The Okta integration will immediately delete the corresponding Teleport account and create a temporary Teleport user lock. The user lock will

  • terminate any active Teleport sessions, and
  • prevent the disabled user from accessing any Teleport resources with credentials issued before their Teleport account was deleted.

The user lock will expire after the maximum possible credential lifetime, plus a small safety margin.

Warning

Suspended Okta users will not be locked by Teleport.

When a user is suspended in Okta, Okta does not communicate the suspension to Teleport and so Teleport will not automatically lock and remove that user.

Be sure to either deactivate the user, or unassign them from the Okta SAML Application in order to make sure their status is updated in Teleport.

Access Lists

Modeling Okta permissions within Teleport

Okta has its own permissions system that doesn't map cleanly into Teleport. This includes permissions granted by Okta groups along with the assignment of users to individual applications within Okta. To model this within Teleport, an administrator would typically need to carefully craft a labeling system to attach to various Okta apps and groups and a set of roles to go along with them.

With the new Access List synchronization feature in the Okta service, this work is performed for you. We'll discuss the details of how this works.

Synchronizing Access Lists from Okta groups and applications

The Okta Access List synchronizer will look for any Okta group with members or any Okta application with individual assignments that matches configurable filters that you can optionally supply. Access lists will not be created for groups or applications without any assignments.

The synchronizer will create the following resources for each matched group or application:

  • A role for members that grants access to the group/application.
  • A role for owners that grants the ability to review access to the group/application.
  • An Access List representing membership to the group/application.
  • Members for the Access List.

It should be noted that the Access List sync waits until the Okta groups and Okta applications has finished syncing as Teleport resources, so it may not start synchronizing immediately on startup.

Deletion of Access Lists

Access Lists synchronized from Okta will automatically be deleted when there are no members assigned to them in Okta or when they are deleted in Okta.

Warning

It is possible for an administrator to delete Access Lists, but this should only be done once the Okta integration has been removed and Access List synchronization is disabled.
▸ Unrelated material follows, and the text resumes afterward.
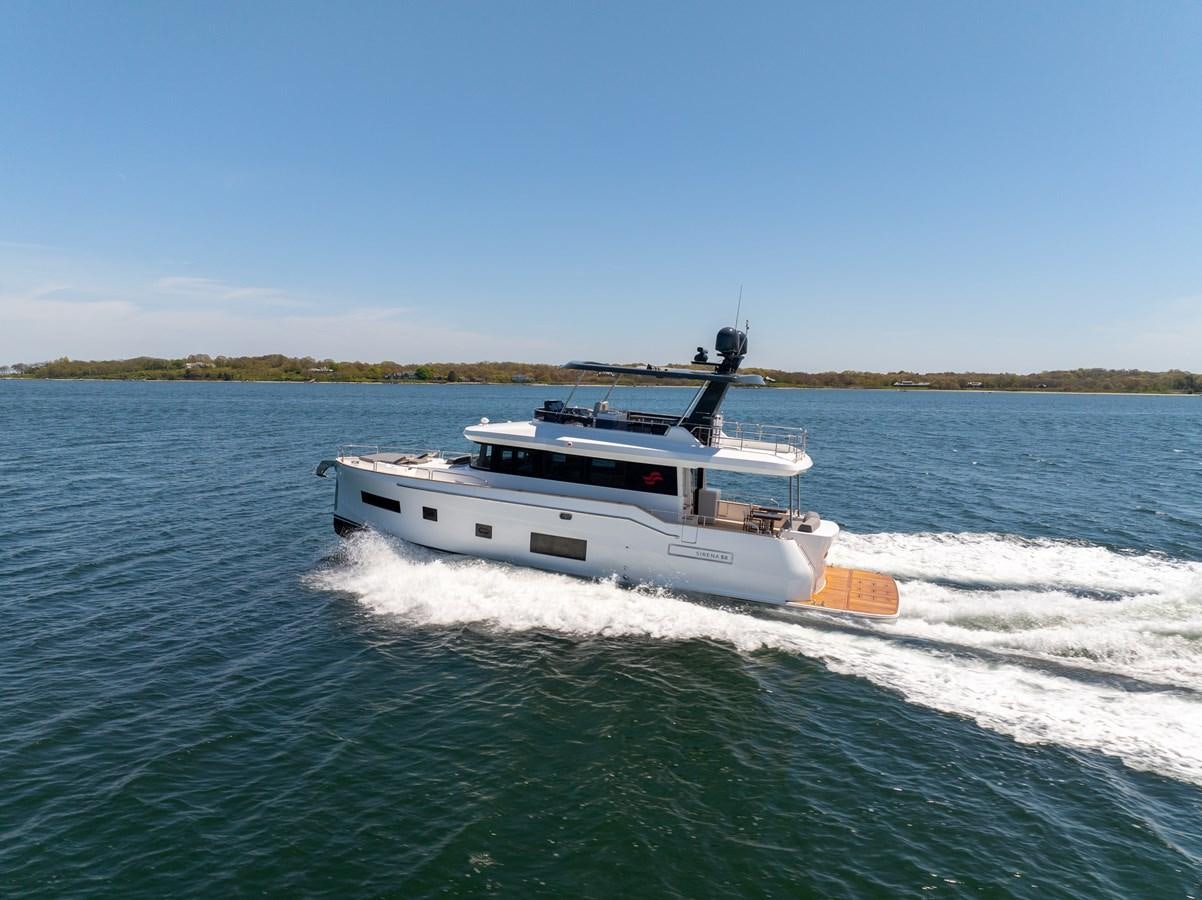 a boat on the water aboard NEW 2023 SIRENA 68 Yacht for Sale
This could remove all users from the Okta group or application that's being targeted!

Working with synchronized Access Lists

When first synchronizing an Access List, the owners of the Access List will be set to the default owners configured during the initial Okta integration enrollment, and the initial review date will be set 6 months from the configured date. These fields are modifiable, as well as the owner and membership requirements. However, you will not be able to change grants, as these belong to the Okta Access List synchronizer.
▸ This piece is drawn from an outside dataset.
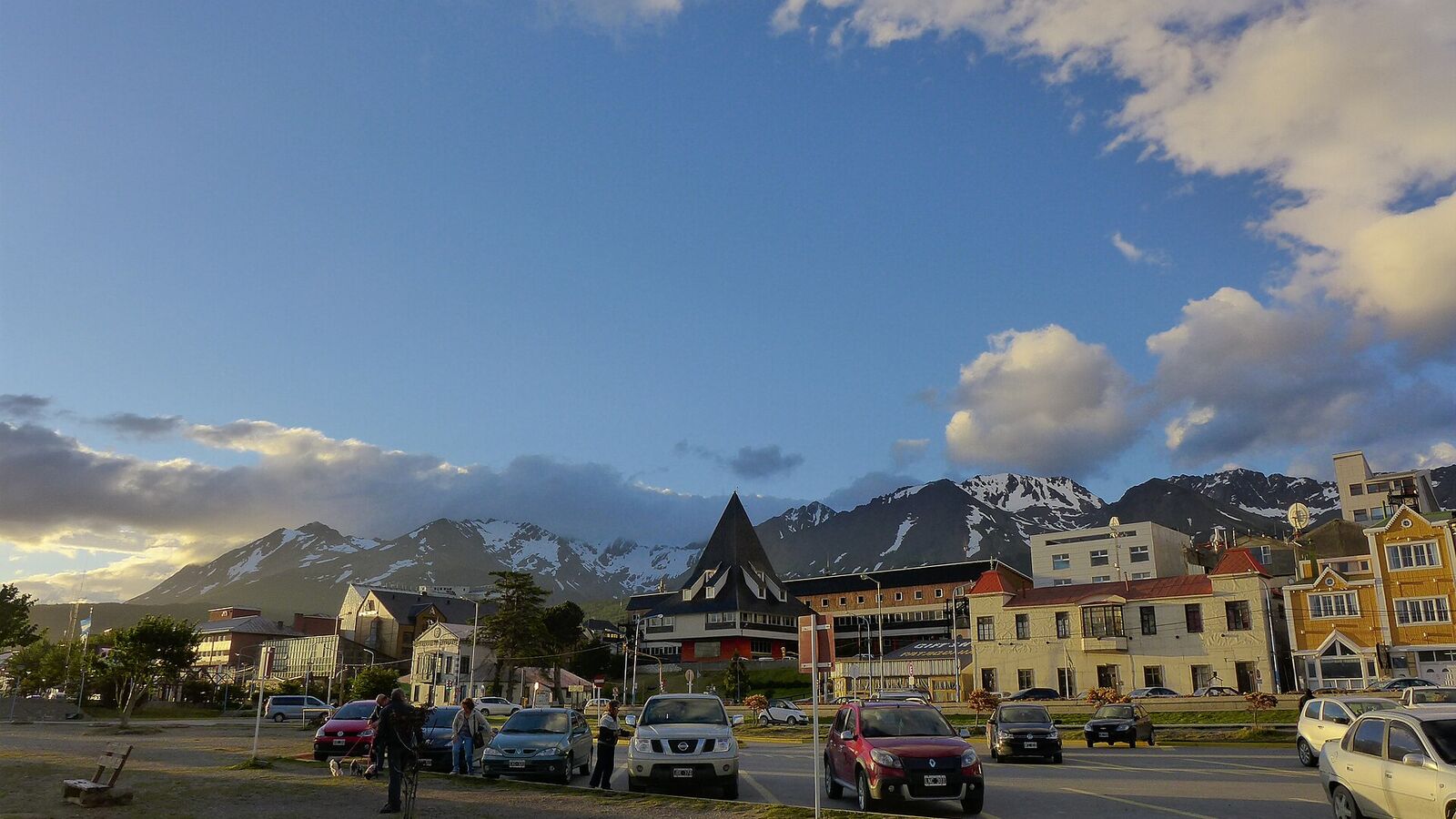 Straat in het centrum van Ushuaia met gekleurde gebouwen en besneeuwde bergen op de achtergrond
The owners of an Okta synchronized Access List will be preserved between runs.

Warning

Removing members from an Okta synchronized Access List will remove the user from the Okta group or Okta application in Okta unless there are other assignments that convey the assignment to the user. In this way, Teleport becomes the source of truth for Okta membership. Please keep this in mind when adding other automated workflows or integrations into your Okta environment.